• Work instruction: Restate word for word every line from the top of the data below down through the line that holds "Ok... Sto veramente".

Scraped caption text data
Segment Open
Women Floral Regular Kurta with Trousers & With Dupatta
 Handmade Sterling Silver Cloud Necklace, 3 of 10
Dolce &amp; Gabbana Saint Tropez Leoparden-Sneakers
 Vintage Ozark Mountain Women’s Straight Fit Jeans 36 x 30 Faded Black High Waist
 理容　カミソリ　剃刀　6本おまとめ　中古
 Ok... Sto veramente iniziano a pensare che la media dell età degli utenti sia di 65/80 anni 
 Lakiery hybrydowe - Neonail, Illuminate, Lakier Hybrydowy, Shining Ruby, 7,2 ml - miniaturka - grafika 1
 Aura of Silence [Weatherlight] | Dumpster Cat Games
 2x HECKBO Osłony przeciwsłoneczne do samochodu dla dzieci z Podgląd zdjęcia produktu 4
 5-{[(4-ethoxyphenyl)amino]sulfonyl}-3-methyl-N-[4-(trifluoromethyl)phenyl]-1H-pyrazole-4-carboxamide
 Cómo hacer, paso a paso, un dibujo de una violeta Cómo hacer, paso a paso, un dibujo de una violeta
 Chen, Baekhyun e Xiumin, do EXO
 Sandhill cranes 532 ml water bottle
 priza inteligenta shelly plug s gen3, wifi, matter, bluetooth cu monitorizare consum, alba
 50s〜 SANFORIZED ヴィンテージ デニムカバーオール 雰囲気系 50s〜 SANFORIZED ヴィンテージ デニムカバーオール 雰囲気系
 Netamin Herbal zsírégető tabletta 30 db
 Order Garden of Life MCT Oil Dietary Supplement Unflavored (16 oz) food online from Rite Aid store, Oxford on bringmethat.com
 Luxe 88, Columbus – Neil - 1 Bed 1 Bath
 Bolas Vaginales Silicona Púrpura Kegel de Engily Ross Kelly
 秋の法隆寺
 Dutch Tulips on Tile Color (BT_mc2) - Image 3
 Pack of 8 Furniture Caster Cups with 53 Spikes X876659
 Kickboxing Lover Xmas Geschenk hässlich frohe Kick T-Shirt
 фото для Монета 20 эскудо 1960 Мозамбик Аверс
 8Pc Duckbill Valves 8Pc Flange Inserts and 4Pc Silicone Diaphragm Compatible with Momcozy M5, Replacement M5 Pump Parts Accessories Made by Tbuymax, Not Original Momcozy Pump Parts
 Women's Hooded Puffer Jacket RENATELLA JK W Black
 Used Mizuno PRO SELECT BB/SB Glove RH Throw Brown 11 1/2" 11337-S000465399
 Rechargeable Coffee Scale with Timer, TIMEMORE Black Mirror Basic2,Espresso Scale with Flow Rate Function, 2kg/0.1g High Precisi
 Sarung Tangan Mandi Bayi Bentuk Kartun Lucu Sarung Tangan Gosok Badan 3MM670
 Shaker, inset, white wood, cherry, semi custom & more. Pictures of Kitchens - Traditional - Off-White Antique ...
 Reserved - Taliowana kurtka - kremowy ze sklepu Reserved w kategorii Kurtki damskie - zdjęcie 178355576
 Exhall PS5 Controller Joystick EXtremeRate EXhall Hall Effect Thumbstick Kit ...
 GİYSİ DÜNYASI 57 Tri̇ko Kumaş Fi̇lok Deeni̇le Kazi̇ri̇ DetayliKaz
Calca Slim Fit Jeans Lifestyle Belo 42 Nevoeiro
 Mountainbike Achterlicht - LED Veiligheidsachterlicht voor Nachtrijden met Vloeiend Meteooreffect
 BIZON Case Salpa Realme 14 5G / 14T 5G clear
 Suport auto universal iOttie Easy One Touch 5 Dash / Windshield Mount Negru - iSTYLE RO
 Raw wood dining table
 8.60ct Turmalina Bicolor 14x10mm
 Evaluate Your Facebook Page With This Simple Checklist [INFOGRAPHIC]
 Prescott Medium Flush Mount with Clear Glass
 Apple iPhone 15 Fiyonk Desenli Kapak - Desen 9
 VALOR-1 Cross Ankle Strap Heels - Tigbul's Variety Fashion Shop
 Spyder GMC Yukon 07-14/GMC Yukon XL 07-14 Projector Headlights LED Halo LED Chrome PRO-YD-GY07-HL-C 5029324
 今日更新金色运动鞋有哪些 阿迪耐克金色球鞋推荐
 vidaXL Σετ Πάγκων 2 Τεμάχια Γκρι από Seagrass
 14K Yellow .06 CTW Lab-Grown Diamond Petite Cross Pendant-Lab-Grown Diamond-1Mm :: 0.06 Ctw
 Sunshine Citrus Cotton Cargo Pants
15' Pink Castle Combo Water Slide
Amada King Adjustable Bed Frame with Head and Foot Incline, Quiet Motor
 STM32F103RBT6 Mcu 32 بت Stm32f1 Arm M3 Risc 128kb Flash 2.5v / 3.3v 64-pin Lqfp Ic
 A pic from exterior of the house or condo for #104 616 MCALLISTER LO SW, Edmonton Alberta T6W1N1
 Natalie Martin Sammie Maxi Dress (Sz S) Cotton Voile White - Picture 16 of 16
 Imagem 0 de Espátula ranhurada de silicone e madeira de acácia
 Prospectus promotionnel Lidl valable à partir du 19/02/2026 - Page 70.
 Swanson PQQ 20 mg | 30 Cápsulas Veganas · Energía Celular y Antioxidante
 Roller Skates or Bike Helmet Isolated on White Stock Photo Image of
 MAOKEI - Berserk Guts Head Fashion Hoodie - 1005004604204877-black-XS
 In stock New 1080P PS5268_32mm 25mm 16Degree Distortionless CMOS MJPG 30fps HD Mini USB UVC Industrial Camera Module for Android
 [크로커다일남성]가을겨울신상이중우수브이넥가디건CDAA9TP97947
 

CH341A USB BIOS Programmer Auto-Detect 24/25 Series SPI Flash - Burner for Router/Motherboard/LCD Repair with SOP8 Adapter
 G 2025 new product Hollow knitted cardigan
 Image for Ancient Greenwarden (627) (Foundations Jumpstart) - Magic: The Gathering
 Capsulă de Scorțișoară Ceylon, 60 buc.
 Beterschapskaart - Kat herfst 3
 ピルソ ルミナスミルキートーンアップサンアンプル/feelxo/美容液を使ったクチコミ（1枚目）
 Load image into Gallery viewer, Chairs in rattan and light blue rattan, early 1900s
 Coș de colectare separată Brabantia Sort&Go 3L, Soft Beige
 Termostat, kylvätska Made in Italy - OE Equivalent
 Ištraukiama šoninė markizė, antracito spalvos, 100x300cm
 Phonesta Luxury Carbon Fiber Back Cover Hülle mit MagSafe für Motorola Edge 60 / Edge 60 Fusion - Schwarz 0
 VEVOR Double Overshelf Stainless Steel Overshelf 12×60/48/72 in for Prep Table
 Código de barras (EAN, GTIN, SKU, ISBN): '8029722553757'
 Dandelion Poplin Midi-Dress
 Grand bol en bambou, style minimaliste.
Segment Closed
• Reply to the exercise:
Women Floral Regular Kurta with Trousers & With Dupatta
 Handmade Sterling Silver Cloud Necklace, 3 of 10
Dolce &amp; Gabbana Saint Tropez Leoparden-Sneakers
 Vintage Ozark Mountain Women’s Straight Fit Jeans 36 x 30 Faded Black High Waist
 理容　カミソリ　剃刀　6本おまとめ　中古
 Ok... Sto veramente iniziano a pensare che la media dell età degli utenti sia di 65/80 anni 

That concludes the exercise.